Mr Renney, and his cousin Kim, own and run Renney Farms, 3300 hectares of land near the town, originally settled by his grandfather. “The Renney’s have been here for more than 100 years, it was originally mixed farming; we had sheep and a piggery,” he said.
Now it is exclusively cropping, with wheat, barley, chick peas, lentils and field peas, in the mix. Mr Renney said ryegrass, brome and milk thistle were the three biggest threats. Herbicide resistant weeds were and issue uppermost on the minds of many Mallee croppers.
“I’ve been on a Birchip Cropping Group (BCG) study tour to Western Australia, and it’s a bit of an eye opener to see what they are up against, over there,” he said. “You just can’t let up on it.

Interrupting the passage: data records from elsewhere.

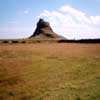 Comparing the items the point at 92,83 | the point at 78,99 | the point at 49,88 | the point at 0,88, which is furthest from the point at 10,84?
the point at 92,83

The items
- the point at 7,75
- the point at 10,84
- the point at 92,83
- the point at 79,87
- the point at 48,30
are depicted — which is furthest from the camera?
the point at 48,30

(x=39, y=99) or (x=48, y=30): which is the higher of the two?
(x=48, y=30)

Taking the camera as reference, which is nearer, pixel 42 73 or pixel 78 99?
pixel 78 99

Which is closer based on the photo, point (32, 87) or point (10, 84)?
point (32, 87)

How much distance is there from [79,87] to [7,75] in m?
5.70

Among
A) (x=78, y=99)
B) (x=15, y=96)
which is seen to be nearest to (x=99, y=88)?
(x=78, y=99)

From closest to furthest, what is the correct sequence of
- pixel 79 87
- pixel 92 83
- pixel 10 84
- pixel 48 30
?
pixel 79 87 < pixel 92 83 < pixel 10 84 < pixel 48 30

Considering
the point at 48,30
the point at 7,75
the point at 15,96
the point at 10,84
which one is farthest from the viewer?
the point at 48,30

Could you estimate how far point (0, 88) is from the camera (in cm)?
820

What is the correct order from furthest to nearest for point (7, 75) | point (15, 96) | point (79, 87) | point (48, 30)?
point (48, 30) → point (7, 75) → point (79, 87) → point (15, 96)

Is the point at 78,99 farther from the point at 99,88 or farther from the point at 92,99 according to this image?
the point at 99,88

He said the main control method was herbicide rotation, followed by windrow burning. “We collect what comes out of the back of the header and burn that. If there are any weed seeds in there, hopefully they are destroyed.” He said growing hay was also a good way to clean up resistant weeds.
“It’s just natural selection. If you have a weed population and 1 per cent are naturally resistant and you end up selecting for that, they will become the dominant species.”
It’s just natural selection. If you have a weed population and 1 per cent are naturally resistant and you end up selecting for that, they will become the dominant species.
It was unlikely the big companies would spend money on developing new chemicals, as spray technology had reached a peak.
Mallee croppers and farmers had also already started to adapt to climate change, with no till, early sowing and using different varieties of seeds. At Berriwillock, the Renneys grow Compass, Scope, Hindmarsh and Spartacus barley, Clearfield wheat, such as Kord, Grenade and Scout, while “bulking up” on Sceptre.
“The Compass yielded really well, but did lodge, and made harvest difficult, because we lost a few heads,” Mr Renney said. The barley had been yielding four to five tonnes, a hectare. Mr Renney said Compass would go as feed grade, being only provisional for malting. Most of the wheat would be Australian Provisional White (APW), although there was some uncertainty on the grading at the beginning of the season.
“Considering the yields were a little bit higher, we thought the proteins would be down a bit, but it’s holding up pretty well.”
The harvest would be sold, throughout the year, to average the price, but the farm had 1000 tonnes of structural storage on property. There was also a bagging machine, for “opportunity storage – we whack it in, if we have extra.”
Grain was also stored at the Berriwillock co-operative. “In the Mallee, the biggest issue is knowing what you are going to get and what quality you are going to get.” This season’s good harvest followed a “terrible year,” with very poor yields and quality.
“The start of this year didn’t give us any promises, as there was no sub soil moisture.”
Mr Renney said the long range weather forecast was promising, but croppers went into the season, not knowing how it was going to end up.
“Then it was hand to mouth, we were just getting enough rain to keep things ticking along nicely, nothing excessive, then we had September, with incredible rain.” The property received 164mm, while Tyrrell Creek flooded, causing some inundation of crops.
Of all the crops, the lentils performed the best, coming in at three tonnes a hectare. Mr Renney said insects were largely kept at bay this year, with the main pest and disease issue being fungus, particularly in the chick peas and lentils. “We had five sprays of fungicides, over the chick peas, and we are not really used to that, in the Mallee.”
The farm had been no-till for eight to ten years, which suited the system and the country. “The benefits are incredible, the number one benefit, particularly at harvest time, is operator fatigue,” he said. “It takes that concentration out of the equation.”
Only the boom spray was on its own tracks, but variable rate seeding and fertiliser application was used, as was mapping and GPS. A three point linkage spreader was used for nitrogen.
“Phosphate rates are not incredibly high, six to nine of phosphate, and nitrogen, anything from 25 units to 50 units, depending on what crop and what rotational history it has.
“After coming off a big year, we’ll be upping our phosphate rates.
“We are trying to put more pulse crops in, to get more nitrogen into the system, and we also do vetch as a brown manure crop.”